What does the Self-Review Tool consist of?
The Self-Review Tool is an online questionnaire structured under five headings that reflect the key areas that a university should be addressing when working towards their goal of becoming a Healthy University:
- Leadership and Governance: This section of the tool focuses on the corporate commitment of the university in working towards becoming a Healthy University.
- Service Provision: This section of the tool identifies the level of service provision on and off site to support the health and wellbeing needs of staff and students.
- Facilities and Environment: This section of the tool supports the university in reviewing the facilities it provides and the environment it creates to support the health and wellbeing of staff and students and the wider community.
- Communication, Information and Marketing: This section of the tool reviews the processes involved in communicating health and wellbeing information and messages to staff and students and how the university markets health and wellbeing in its promotional materials.
- Academic, Personal, Social and Professional Development: This section of the tool deals with how the university uses the opportunities presented by curricula, research, knowledge transfer and professional development to improve health and wellbeing and respond to the needs of its staff and students.

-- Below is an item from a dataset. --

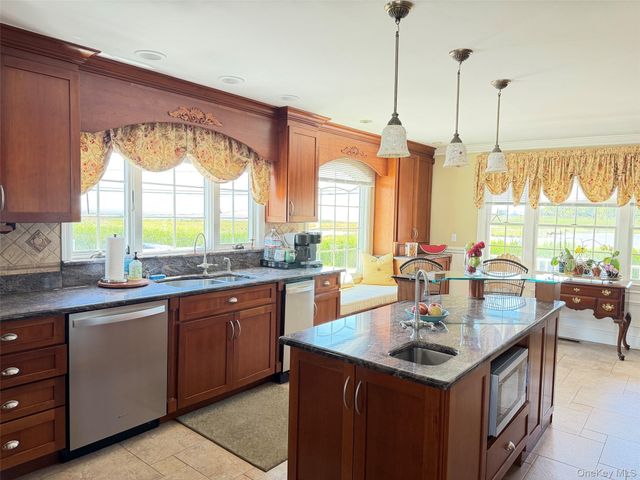 30 Namkee Lane, Blue Point, NY 11715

Under each sub-heading, there are statements giving an opportunity to reflect and review current progress by choosing one of four qualitative ‘multiple choice’ responses:
- No not at all / Don’t know: i.e. the university has not yet engaged with this area of work or you do not know and are unable to find out the answer.

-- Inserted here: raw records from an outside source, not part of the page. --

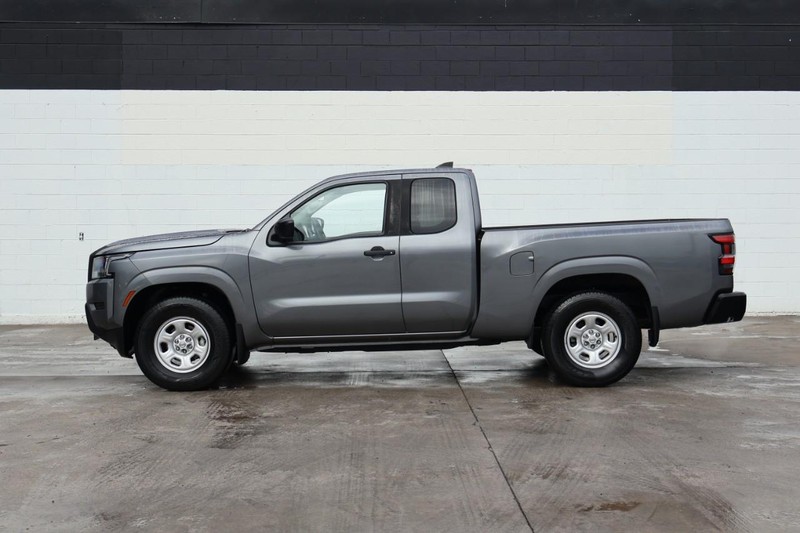 Nissan Frontier Vehicle Full-screen Gallery Image 11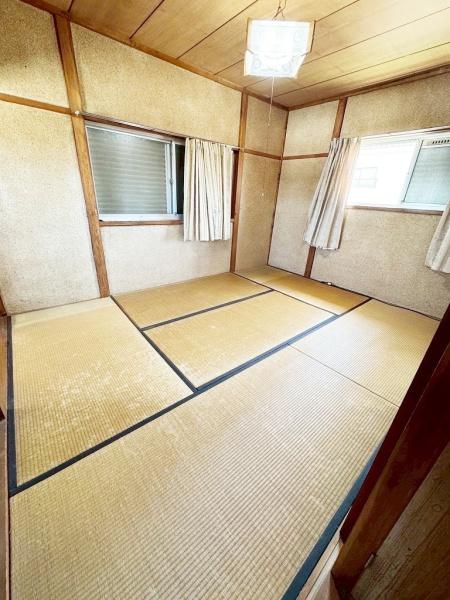 泉南市信達岡中の中古一戸建て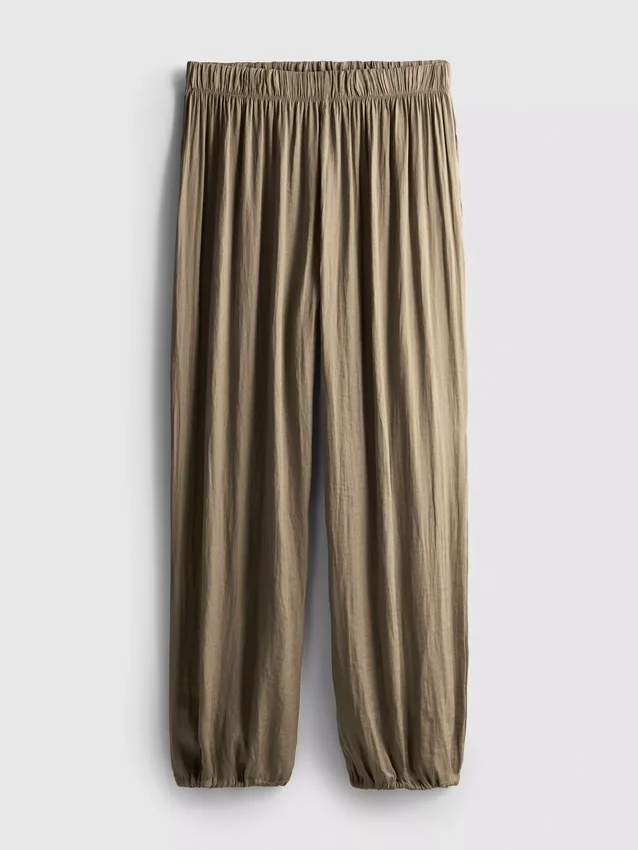 Die Satin-Hose mit Umschlag von The Edit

- Thinking about it: i.e. the area of work has been raised as an issue for consideration or there are pockets of isolated activity.
- Working on this currently: i.e. the university as a whole has made a strategic-level commitment.
- Yes we are there: i.e. the university as a whole has acted on this strategic-level commitment.
Additionally, under each question, a drop-down text box is available for you to make a note of ‘evidence’ that you have used when deciding which of the four responses to choose. This will be helpful when you repeat the exercise and want to benchmark your progress.
Under each section of the questionnaire, a further text box is available in order to record any additional activity not captured by the questions – allowing you to record examples of innovative and creative activity.
Whilst you will be able to scroll through the questionnaire online, you must complete every question (even if you answer ‘don’t know’ to some) in order to be able to submit. Once a university has completed the online tool and submitted its responses, a graphic representation (red, amber, green) of levels of progress under each key heading will be generated. This will highlight those areas where the university is achieving and those areas where additional input is needed. It should be noted that this report does not constitute a detailed analysis – rather, it is designed as a helpful mechanism for guiding future decision-making and action-planning. The red/amber/green calculation is based on assigning a score for each question: 0% for No not at all / Don’t know, 33% for Thinking about it, 66% for Working on currently and 100% for Yes we are there. Each area is rated on its average score: red for under 45%, amber for 45-69% and green for over 70%.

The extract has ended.